# Toilet training advice needed



## ilovedogs (Sep 22, 2014)

I am still struggling with my 4 month old puppy regarding toilet training. He is very good now when he is taken outside regularly, but I wondered when I might expect him to be able to last during the night. He also tends to wee when he gets excited. We ignore him when we come into the house or downstairs in the morning to try to calm him but this doesn't always work.
Any advice would be appreciated.


----------



## Lexi&Beemer (May 5, 2013)

I was neurotic about it so I would have their crates near me and I'd wake as soon as they moved around. Later they would learn to whine to make sure I woke up. But I would take them for a last pee around midnight. And be up around 4. My two seemed to only have a 4 hour bladder at night until I brought them into bed with me. Once I did that just after 4 months, we would sleep until 6. Hallelujah! 

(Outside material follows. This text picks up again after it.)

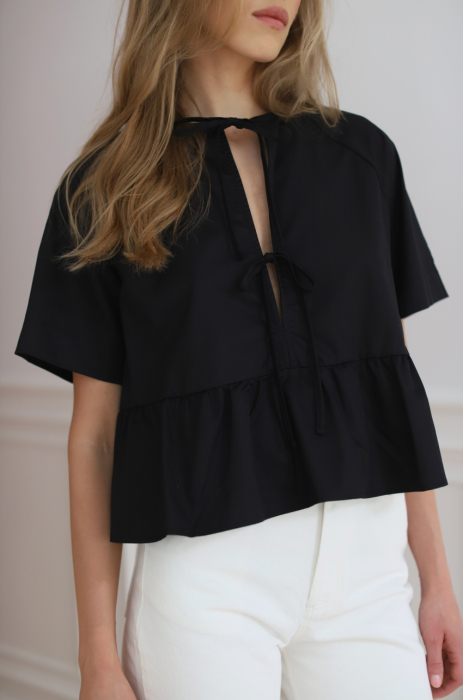 Bluzka Bodmin czarna II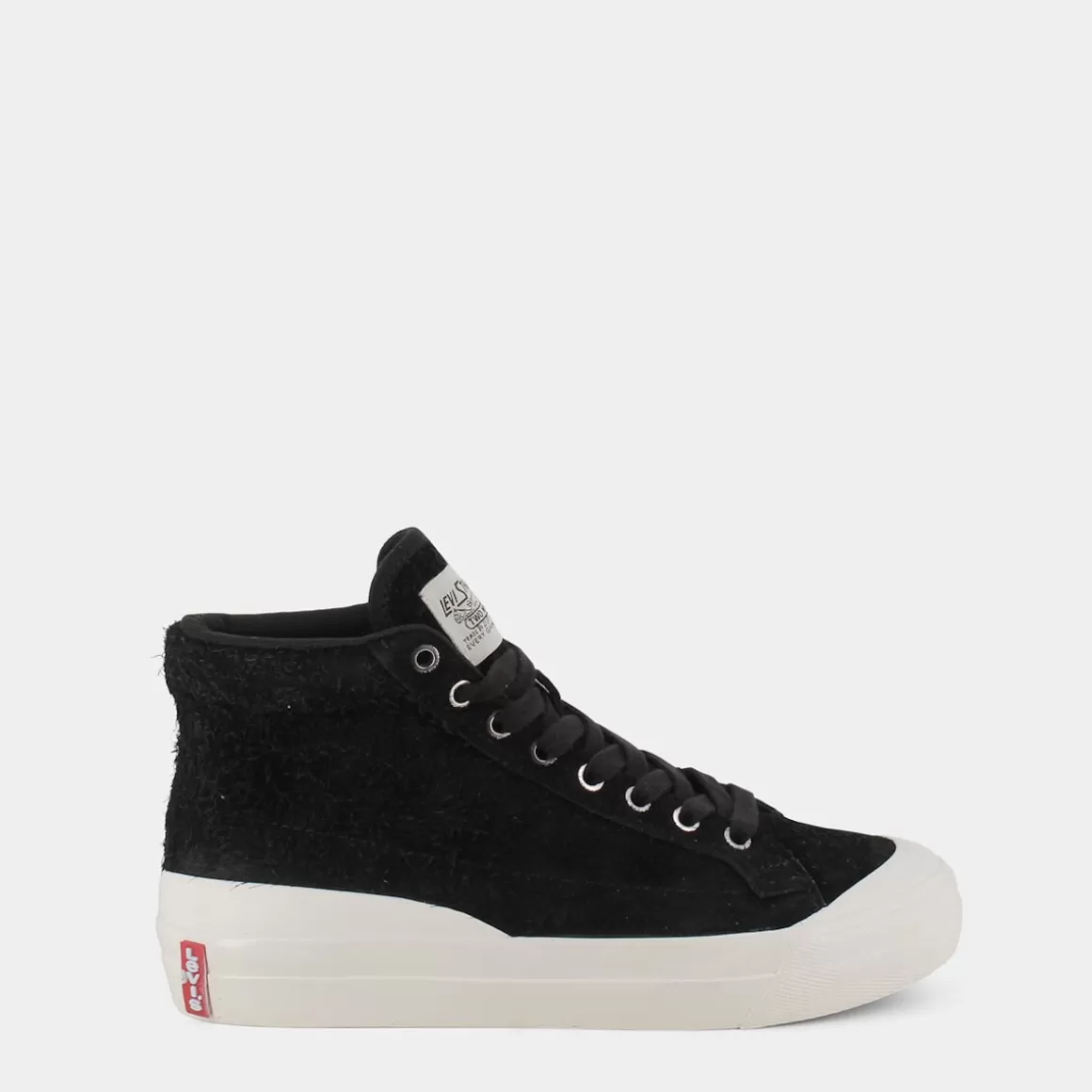 Clearance LEVI'S 234216-709 Ls1 High S Black - Sneakers Nero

Keep in mind 4 months is still young. 


Sent from my iPhone using Tapatalk


----------



## fabular (Oct 3, 2014)

Are you reducing your puppy's water intake? My puppy usually does not get any water after 8pm. He gets to empty his bladder about 10.30pm one last time and can hold it until the next morning 7-7.30am.


----------



## Miss Lilly (Sep 12, 2014)

Hi

Your pup is still very young and his bladder still small.

The 'happy wee' is also due to your pup's bladder still being immature. With time he should grow out of this - although some never do entirely. You are right to remain calm rather than excite him further and this should help.

As an aside and depending on what you are feeding your pup, limiting his water intake can be very stressful for him. Dry food (Kibble) expands in his stomach and pulls water from your pups system and will leave him very dehydrated if he does not have access to drinking water.


----------